Rules
What information can I use?
See Dataset for more details on how the dataset was generated.
Training and development
We provide teams with signals and listener responses for training and development. This includes:
- Audio1: The stereo audio for which participants must predict lyric intelligibility. This is the audio presented to listeners during the intelligibility tests and includes:
- Reverberation (high-order ambisonics (HOA) [1] combined with head-related transfer functions (HRTF) [2]).
- Background noise [3].
- Simulated no, mild or moderate hearing loss (HL).
- Audio2: Audio1 without the hearing loss simulation. This corresponds to the signal at the entrance of the listener’s ear canal.
- Severity: The listener's hearing impairment severity category used in the HL simulation.
- Lyrics: The ground-truth lyric text.
- Transcription: The transcriptions produced by listeners during the intelligibility tests.
- Intelligibility: The intelligibility scores obtained from the listening tests, computed by comparing the ground-truth lyrics with the listeners’ transcriptions.
Teams are free to split this data into training and development sets as they see fit.

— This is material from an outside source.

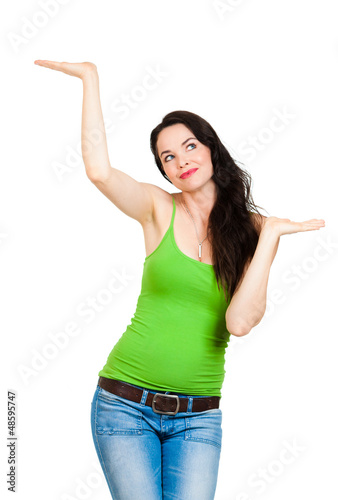 Photo: Beautiful woman showingor comparing with hands Beautiful woman showingor comparing with hands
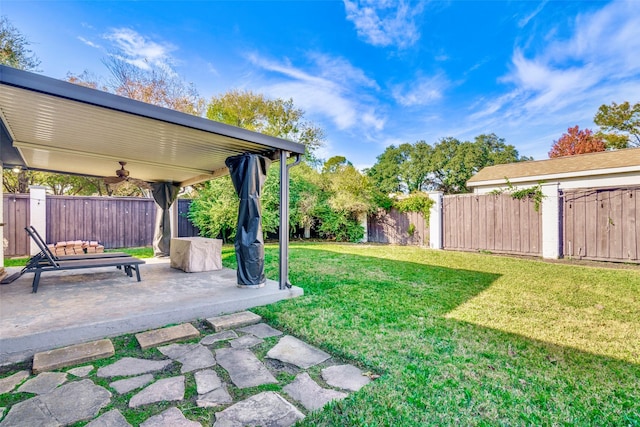 view of yard featuring ceiling fan and a patio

However, since each excerpt is presented with three hearing loss categories (as-is, mild, and moderate), we recommend splitting by unique prompts first.

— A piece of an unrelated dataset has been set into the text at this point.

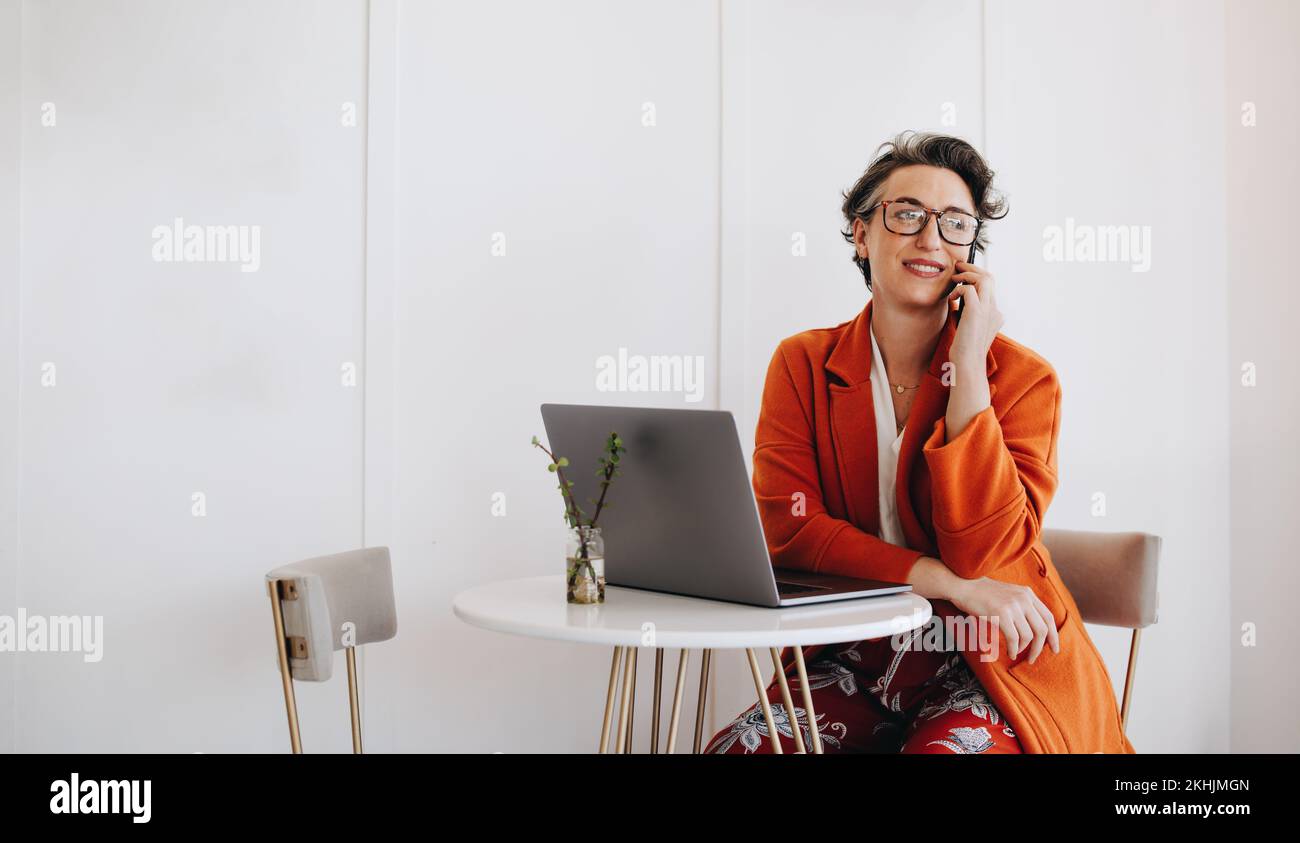 Mature business woman making a phone call while working remotely. Mature businesswoman making contact with one of her clients while working in a cafe. Stock Photo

In addition, teams can use:
- The training and validation set from the CLIP1 dataset.
- Note, CLIP1 test set must not be used for training or model validation.
- Their own data for training.
- Expanded versions of the CLIP1 and CLIP2 training data through simple automated modifications.
- Additional pre-training data generated using existing speech intelligibility, lyric intelligibility, and hearing loss models.
Validation
The validation set includes only the following fields:
- Audio1: The stereo audio for which participants must predict lyric intelligibility. This is the audio presented to listeners during the intelligibility tests and includes:
- Reverberation (high-order ambisonics (HOA) [1] combined with head-related transfer functions (HRTF) [2]).
- Background noise [3].
- Simulated no, mild or moderate hearing loss (HL).
- Audio2: Audio1 without the hearing loss simulation. This corresponds to the signal at the entrance of the listener’s ear canal.
- Severity: The listener's hearing impairment severity category used in the HL simulation.
- Lyrics: The ground-truth lyric text.
To obtain scores on the validation set, please submit your predictions to the leaderboard.
Evaluation
The evaluation sets must not be used for training or model development. Audio samples must be processed independently of one another.
The only data that may be used by the prediction model during evaluation are:
- Audio1: The stereo audio for which participants must predict lyric intelligibility. This is the audio presented to listeners during the intelligibility tests and includes:
- Reverberation (high-order ambisonics (HOA) combined with head-related transfer functions (HRTF)).
- Background noise.
- Simulated no, mild or moderate hearing loss (HL).
- Audio2: Audio1 without the hearing loss simulation. This corresponds to the signal at the entrance of the listener’s ear canal.
- Severity: The listener's hearing impairment severity category used in the HL simulation.
- Lyrics: The ground-truth lyric text.
Please follow the instructions in Submission to submit your predictions on the evaluation set.
Baseline models and computational restrictions
- The use of pre-trained foundational models is allowed but must be fully declared.
- Teams may choose to use all or some of the components from the provided baseline.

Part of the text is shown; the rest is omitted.